Sunday, January 25, 2009

The Inauguration of Barack Obama














Several weeks ago my boss at the Post-Gazette lets me know that they were planning on sending me to the inauguration. At first I was almost certain that we weren't going to get anywhere near Obama, and I started to plan out ideas for crowd photos and the likes. Then, a week before the big day, my editor calls me and says that we've obtained one credential for the main press riser during the swear-in ceremony. He offered me the credential (which is strange, because I'm the least senior staff member), and I almost turned it down. All I could think about was how standard and similar my image was going to be compared to the countless others photographing the event, a good host of whom would have better positions than I.

I wanted to work the crowds instead. I wanted to be able to do something and have something to show from the event that was unique to me. And I would have probably done that, had I not called a friend of mine that works for our competing paper to ask his advice.

He was fairly shocked that I was really about to turn down the credential.
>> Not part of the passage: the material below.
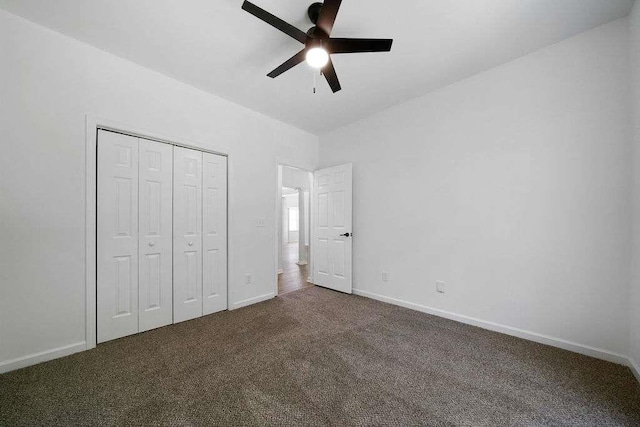 1460 Bakers Bridge Rd, Douglasville, GA 30134 - unfurnished bedroom with dark carpet, baseboards, a closet, and a ceiling fan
He put it plainly, "You have the opportunity to photograph the swearing-in of the first black president in the history of the United States." Implied meaning: "Are you an idiot?"
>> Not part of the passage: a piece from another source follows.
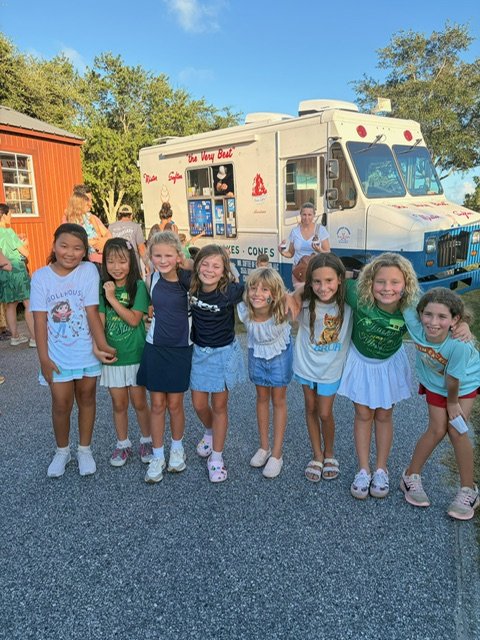 A group of MPA students posing in front of the Mister Softee ice cream truck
It hadn't really hit me, how momentous this occasion was, until he said that. I don't know why I'm like that. But, needless to say, I took the credential.

And this is my frame. It's no different than the hundreds you've all probably seen thus far, except that it is mine. I feel proud about this image in a way I haven't felt before. I'm proud that, in a time defined by cutbacks and layoffs, my paper found a way to send a team of journalists to cover an important moment in this country's history. I'm proud that I can say that I saw Obama raise his hand to take the oath of office with my own eyes. And I'm proud that we live in a country where, truly, any one of us can achieve even the loftiest of goals. Be it a black man becoming president, or a kid who one day decided come hell or high water, all he wanted to do was take photographs for the rest of his life.

2 comments:

old man neill said...

very cool. :)

Toni Conrad said...

Wow Mike!!! That is so cool they sent you there like that! I cant believe you almost turned it down... That was a huge honor for them to let you do it. You will have to keep those photos in a safe place... They are something special. They are really good.